Comment dire à l'autre qu'après des années passées à ses côtés, alors qu'on avait cru rendre notre dernier souffle dans ses bras, qu'il nous étouffe? « Je suis prisonnier », balancera d'emblée Stan, metteur en scène, affirmation tempérée peu après par un « on aimait s'aimer » presque fataliste et une évocation toute en tendresse de ce qu'aurait pu être l'amour, qu'il balaiera du revers de la main en lui jetant au visage qu'il ne ressent plus de désir pour elle, qu'il pourrait en éprouver pour une autre. Pendant une heure, il analyse, dissèque, abusant de termes techniques, parle de « reparamétrage », de « paradigmes.». Pour Stan, l'amour, comme la vengeance, est un plat qui se mange froid. Pendant ce temps, Audrey encaisse, laisse ses mots la traverser, entre douleur et déni, confrontation et effondrement, bravade et larmes. Il a la main sur la poignée de porte, pense s'en tirer à bon compte. Il a déjà réquisitionné la chaise à broderie rose et un croquis. Sa vie sera ailleurs, point barre.

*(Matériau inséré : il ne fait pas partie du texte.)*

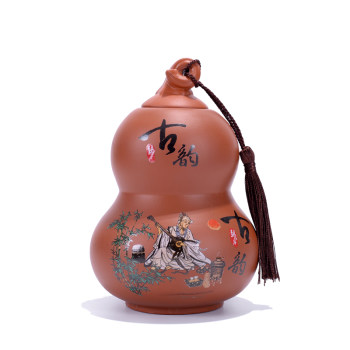 Yixing ສີມ່ວງ sand tea jar ຂະຫນາດໃຫຍ່ເຄິ່ງຫນຶ່ງປອນ Pu'er ກະປ໋ອງດອກໄມ້ປຸກ cake ceramic ແຮ່ດິບຫຍາບເຄື່ອງປັ້ນດິນເຜົາຜະນຶກເຂົ້າກັນລາຄາພິເສດ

Mais, bien sûr, Audrey réplique, retourne ses arguments contre lui. « Qui parle comme ça? Qui pense comme ça? » Sous le tir nourri, le ton grande tragédienne (après tout, le personnage est une actrice), Stan s'effondre, se liquéfie sous nos yeux. Alors que lui parlait de « ce spectacle, notre spectacle », elle va bien plus loin en assénant un « Tu tues notre langue commune. » À l'excès, elle répond par la nuance, dressant une touchante liste de ces moments de tendresse qui jalonnent une vie à deux, moment peut-être le plus déchirant de la pièce. Au « en garde » sous-entendu de l'homme, elle réplique par un « je garde ».
Le texte de Pascal Rambert a été travaillé au scalpel, les monologues juxtaposés devenant deux dialogues continus, dont l'un des deux intervenants ne peut réagir que par le corps. Maude Guérin tire mieux son épingle du jeu que Christian Bégin et démontre une fois de plus l'étendue de sa palette expressive. Lors du monologue de ce dernier, son corps crie ce qu'elle tait et on piaffe presque d'impatience qu'enfin, elle trouve les mots pour le remettre à sa place, raconter son côté de l'histoire. Quand elle parle, celui-ci semble disposer d'une palette physique passablement moins développée. Est-ce un choix conscient ici du metteur en scène Christian Vézina qui, même si le texte ne prend pas parti pour l'un ou l'autre, le fait indirectement? On pourra aussi questionner les légères latitudes prises avec le texte pour le « québéciser ». Avait-on absolument besoin d'ajouter ici et là quelques sacres pour mieux rejoindre le spectateur? S'il y a un sujet universel, auquel chacun pouvait apposer son vécu, douloureux ou non, c'est pourtant bien celui de la rupture amoureuse.
« Quelle horreur, la fin de l'amour! » On ne peut que sortir ébranlé du théâtre, avec l'impression d'avoir traversé à découvert un véritable champ de bataille. Douloureux, mais nécessaire.
Jusqu'au 6 décembre au Théâtre de Quat'Sous.
2 commentaires:
Tu crois que le texte existe en publication...
Je l'ai vu en ligne, éditions Les solitaires intempestifs.